しかし、離婚裁判で離婚する場合、離婚原因が少なくとも一つはないと離婚できません。
この記事では、離婚原因についてわかりやすく解説します。
目次
(2023年版)離婚原因5つを司法書士がわかりやすく解説
協議離婚や調停離婚では、双方が納得して離婚することになるので、離婚原因などなくても離婚することができます。
しかし、話し合いや調停で合意に至らず、裁判まで行った場合、理由なく離婚することができず、離婚原因があることが必要になります。
裁判離婚では、合意なく裁判で強制的に離婚することになるからです。
離婚原因は5つあります。法律で決められています(民法770条)。
- 1 不貞行為
- 2 悪意の遺棄
- 3 3年以上の生死不明
- 4 回復の見込みのない強度の精神病
- 5 その他婚姻を継続し難い重大な事由
これらのうちのどれかに該当しないと裁判では離婚が認められません。
そのため、これらに該当しない場合に離婚するには、お互い離婚に合意しないといけないということです。

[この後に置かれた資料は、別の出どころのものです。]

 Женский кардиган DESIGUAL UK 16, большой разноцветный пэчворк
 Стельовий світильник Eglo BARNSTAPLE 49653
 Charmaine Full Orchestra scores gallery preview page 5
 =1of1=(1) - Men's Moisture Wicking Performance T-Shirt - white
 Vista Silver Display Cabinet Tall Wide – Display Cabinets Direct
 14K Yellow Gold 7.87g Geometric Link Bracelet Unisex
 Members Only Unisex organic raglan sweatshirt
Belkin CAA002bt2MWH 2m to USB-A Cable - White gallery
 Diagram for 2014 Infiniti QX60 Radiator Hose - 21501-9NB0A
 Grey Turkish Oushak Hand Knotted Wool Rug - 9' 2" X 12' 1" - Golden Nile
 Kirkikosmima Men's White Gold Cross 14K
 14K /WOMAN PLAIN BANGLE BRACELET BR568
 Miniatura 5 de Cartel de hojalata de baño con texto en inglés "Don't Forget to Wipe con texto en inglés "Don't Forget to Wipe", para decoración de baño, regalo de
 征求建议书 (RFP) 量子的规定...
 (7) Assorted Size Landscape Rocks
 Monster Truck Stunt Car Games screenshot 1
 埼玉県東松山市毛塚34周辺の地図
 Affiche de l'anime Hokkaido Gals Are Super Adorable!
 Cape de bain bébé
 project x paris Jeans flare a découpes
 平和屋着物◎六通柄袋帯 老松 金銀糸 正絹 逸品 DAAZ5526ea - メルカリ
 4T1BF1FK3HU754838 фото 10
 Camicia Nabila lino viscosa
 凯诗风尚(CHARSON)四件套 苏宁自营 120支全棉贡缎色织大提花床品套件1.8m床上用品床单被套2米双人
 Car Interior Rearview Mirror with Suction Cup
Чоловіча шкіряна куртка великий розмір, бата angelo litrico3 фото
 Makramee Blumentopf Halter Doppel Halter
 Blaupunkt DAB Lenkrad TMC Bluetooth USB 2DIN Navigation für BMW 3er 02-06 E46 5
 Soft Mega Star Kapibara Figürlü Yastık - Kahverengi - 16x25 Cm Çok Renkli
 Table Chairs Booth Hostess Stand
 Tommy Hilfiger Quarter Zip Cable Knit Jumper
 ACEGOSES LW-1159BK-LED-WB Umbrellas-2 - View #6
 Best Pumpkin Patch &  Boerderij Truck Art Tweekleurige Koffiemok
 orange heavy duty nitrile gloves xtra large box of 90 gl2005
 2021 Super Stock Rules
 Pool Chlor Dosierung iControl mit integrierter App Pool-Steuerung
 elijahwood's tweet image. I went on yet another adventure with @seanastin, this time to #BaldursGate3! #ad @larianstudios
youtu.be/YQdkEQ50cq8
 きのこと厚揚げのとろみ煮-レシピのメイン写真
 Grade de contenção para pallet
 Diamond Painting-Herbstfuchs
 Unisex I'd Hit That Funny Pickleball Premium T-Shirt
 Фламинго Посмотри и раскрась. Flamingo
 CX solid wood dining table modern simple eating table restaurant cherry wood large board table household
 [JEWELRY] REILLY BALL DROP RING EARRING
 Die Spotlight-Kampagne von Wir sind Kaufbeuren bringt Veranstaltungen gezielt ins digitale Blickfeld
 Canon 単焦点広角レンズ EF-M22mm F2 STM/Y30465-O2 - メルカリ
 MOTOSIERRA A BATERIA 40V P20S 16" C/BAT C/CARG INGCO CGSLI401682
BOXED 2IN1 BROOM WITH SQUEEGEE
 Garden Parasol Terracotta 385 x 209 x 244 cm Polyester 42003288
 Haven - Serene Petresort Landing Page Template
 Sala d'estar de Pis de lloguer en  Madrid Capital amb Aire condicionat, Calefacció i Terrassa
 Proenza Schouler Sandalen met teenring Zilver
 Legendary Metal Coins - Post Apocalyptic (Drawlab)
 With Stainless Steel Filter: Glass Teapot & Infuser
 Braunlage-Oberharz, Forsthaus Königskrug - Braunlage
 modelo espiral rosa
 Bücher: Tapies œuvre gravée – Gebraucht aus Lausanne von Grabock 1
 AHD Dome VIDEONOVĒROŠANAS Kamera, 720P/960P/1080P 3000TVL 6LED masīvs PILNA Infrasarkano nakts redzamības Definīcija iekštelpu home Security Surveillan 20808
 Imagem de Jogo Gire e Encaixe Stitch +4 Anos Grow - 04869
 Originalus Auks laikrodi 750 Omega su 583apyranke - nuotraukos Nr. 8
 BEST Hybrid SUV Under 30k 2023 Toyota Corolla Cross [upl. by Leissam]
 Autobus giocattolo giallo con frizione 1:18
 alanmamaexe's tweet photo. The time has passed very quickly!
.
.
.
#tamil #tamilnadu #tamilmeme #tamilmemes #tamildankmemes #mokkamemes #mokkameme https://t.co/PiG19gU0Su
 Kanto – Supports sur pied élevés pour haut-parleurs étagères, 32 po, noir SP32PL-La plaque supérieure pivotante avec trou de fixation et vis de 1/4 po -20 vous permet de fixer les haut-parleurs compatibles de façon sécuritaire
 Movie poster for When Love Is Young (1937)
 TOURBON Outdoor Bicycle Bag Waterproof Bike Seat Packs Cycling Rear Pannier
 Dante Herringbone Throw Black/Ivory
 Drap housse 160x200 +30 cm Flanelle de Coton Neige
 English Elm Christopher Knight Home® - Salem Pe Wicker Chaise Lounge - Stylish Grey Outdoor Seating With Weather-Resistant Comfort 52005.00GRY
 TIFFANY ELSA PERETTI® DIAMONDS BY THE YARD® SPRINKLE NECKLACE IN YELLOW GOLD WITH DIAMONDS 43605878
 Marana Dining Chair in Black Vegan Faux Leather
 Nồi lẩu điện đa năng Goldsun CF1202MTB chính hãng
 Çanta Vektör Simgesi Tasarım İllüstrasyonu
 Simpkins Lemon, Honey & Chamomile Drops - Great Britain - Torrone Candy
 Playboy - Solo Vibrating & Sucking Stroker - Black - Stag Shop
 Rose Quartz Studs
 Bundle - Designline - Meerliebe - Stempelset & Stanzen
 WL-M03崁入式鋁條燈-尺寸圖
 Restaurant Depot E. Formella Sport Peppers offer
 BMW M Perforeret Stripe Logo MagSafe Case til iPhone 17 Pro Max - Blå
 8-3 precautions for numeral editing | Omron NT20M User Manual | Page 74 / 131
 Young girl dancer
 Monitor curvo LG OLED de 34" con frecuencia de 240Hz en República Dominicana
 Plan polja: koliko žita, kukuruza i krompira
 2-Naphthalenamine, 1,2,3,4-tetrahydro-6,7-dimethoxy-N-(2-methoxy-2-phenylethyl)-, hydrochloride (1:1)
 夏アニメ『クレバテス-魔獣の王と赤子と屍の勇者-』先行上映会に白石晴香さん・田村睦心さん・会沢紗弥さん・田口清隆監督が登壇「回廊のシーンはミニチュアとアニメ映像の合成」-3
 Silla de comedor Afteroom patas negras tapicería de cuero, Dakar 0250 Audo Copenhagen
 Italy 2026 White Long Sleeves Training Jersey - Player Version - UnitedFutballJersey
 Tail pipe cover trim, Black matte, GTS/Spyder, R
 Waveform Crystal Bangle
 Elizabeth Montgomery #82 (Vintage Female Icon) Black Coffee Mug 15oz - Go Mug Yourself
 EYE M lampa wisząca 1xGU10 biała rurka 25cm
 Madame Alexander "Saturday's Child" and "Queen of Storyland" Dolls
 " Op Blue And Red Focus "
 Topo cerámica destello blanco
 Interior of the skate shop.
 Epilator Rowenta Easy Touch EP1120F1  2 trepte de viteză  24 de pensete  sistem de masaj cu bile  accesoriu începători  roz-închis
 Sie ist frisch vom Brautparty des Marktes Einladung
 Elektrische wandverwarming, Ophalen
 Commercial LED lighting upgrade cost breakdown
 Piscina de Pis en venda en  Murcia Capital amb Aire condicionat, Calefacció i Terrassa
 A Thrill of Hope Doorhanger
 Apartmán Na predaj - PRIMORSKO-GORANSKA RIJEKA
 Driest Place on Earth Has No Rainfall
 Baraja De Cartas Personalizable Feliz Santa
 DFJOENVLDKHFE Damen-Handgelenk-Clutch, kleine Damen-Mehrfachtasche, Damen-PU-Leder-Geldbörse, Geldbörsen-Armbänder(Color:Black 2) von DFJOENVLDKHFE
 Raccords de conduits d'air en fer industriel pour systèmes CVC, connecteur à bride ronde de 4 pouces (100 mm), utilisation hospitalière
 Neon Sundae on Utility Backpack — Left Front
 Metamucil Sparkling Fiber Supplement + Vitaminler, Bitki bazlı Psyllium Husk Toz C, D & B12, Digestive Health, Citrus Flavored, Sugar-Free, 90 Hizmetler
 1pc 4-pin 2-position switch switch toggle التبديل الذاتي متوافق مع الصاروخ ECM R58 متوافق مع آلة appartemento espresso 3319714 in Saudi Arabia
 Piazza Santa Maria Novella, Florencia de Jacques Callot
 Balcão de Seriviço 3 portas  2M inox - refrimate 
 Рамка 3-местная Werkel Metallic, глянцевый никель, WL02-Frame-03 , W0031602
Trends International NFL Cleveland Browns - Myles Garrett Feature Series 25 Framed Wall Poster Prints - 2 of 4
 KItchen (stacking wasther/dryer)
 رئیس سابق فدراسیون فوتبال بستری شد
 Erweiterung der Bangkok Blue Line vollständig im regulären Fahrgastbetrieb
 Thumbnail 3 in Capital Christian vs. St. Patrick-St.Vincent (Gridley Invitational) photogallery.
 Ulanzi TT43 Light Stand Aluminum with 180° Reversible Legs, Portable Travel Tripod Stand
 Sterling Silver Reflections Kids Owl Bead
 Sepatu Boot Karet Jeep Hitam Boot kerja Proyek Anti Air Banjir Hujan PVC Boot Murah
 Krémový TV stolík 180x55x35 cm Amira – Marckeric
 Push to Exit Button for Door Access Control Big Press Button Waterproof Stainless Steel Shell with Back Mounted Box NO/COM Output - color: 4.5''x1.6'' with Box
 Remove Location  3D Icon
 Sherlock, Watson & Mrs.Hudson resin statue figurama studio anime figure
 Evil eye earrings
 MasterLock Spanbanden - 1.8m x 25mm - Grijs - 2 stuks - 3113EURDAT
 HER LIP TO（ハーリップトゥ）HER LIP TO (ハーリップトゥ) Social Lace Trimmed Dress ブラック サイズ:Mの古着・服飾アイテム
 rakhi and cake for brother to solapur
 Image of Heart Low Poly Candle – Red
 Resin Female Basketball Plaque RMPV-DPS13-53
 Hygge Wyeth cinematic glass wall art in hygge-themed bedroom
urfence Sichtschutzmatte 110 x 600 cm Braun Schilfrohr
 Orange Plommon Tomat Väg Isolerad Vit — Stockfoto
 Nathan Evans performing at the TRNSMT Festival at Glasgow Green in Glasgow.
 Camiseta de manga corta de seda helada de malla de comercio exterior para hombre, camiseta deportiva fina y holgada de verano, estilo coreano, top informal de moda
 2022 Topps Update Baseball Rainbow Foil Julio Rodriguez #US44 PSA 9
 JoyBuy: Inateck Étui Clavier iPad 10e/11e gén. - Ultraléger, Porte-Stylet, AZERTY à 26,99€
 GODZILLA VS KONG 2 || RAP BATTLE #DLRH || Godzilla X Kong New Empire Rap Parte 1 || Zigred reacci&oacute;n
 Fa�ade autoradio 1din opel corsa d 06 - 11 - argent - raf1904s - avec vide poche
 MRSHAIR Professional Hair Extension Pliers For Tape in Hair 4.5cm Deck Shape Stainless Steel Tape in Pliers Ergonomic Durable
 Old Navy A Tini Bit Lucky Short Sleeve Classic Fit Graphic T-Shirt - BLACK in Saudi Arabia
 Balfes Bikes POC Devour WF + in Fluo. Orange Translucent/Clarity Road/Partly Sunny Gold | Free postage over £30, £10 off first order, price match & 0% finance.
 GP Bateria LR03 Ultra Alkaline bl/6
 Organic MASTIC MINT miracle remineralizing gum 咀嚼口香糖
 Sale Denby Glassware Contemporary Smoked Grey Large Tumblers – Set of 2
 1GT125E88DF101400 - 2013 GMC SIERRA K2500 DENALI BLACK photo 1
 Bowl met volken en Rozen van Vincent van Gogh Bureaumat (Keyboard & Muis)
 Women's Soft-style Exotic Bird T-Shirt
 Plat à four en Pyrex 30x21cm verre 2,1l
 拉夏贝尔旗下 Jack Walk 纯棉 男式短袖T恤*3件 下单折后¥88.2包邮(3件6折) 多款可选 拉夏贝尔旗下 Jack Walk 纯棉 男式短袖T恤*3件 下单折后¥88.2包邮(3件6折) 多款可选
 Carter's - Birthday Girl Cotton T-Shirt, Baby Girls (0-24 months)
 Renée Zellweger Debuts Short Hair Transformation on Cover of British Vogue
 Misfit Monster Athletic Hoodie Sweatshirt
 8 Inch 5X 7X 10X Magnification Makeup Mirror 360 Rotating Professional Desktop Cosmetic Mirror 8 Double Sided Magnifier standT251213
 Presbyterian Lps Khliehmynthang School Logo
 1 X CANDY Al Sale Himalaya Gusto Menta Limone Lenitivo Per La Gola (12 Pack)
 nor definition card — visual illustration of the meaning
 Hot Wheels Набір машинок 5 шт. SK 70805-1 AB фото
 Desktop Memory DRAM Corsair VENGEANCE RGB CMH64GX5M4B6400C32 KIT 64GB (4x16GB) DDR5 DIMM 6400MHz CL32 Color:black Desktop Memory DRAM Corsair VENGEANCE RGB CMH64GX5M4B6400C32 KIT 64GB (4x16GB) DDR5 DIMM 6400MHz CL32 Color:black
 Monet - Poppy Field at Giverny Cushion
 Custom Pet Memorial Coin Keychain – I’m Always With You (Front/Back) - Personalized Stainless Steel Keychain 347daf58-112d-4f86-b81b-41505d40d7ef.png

また、これらの離婚原因があったとしても、裁判でその事実を証明する必要になります。
なので、これらの事実を証明する証拠や証言がどれだけあるかということが重要になります。
また、離婚原因があった場合に必ず離婚が認められるとは限りません。
あらゆる事情を総合的に判断して、婚姻を継続することが相当と裁判所が判断することもあります。
それでは、それぞれの離婚原因についてくわしく解説します。
離婚原因1 不貞行為
不貞行為は、肉体関係の浮気のことです。
判例によると、配偶者のある者が、自由な意思にもとづいて、配偶者以外の者と性的関係を結ぶことをいう、と定義されています(最判昭和48年11月15日)。
- ・外部リンク 裁判所 裁判例結果詳細
不貞行為は、回数は関係なく、たった一度でも性交渉があれば不貞行為に当たります。
また恋愛感情がなくても不貞行為になります。
性交渉がない恋愛については、一般的には不貞行為にはなりませんが、その他婚姻を継続し難い重大な事由とみなされ、離婚原因になる可能性はあります。
裁判では離婚原因があったことを証明しないといけません。
もし、相手方の不貞行為により離婚したいと考えている場合は、メールやSNSのやり取りや、ホテルや飲食店のレシート、カードの明細などの証拠を集めていく必要があります。
もし相手方が不貞行為を認めている場合は録音したり、書面にして署名をもらっておくなどしておきましょう。
離婚原因2 悪意の遺棄
悪意の遺棄は、同居・協力・扶助義務や婚姻費用分担義務 といった夫婦の義務に違反して、一方が他方を放置してしまうようなことをいいます。
配偶者の一方が、夫婦で同居している家から出て行いき、同居を求めても戻らず、全く生活費を払わない、というような状態です。
結婚している夫婦は同居し、互いに協力し扶助しなければならないとされています(民法752条)。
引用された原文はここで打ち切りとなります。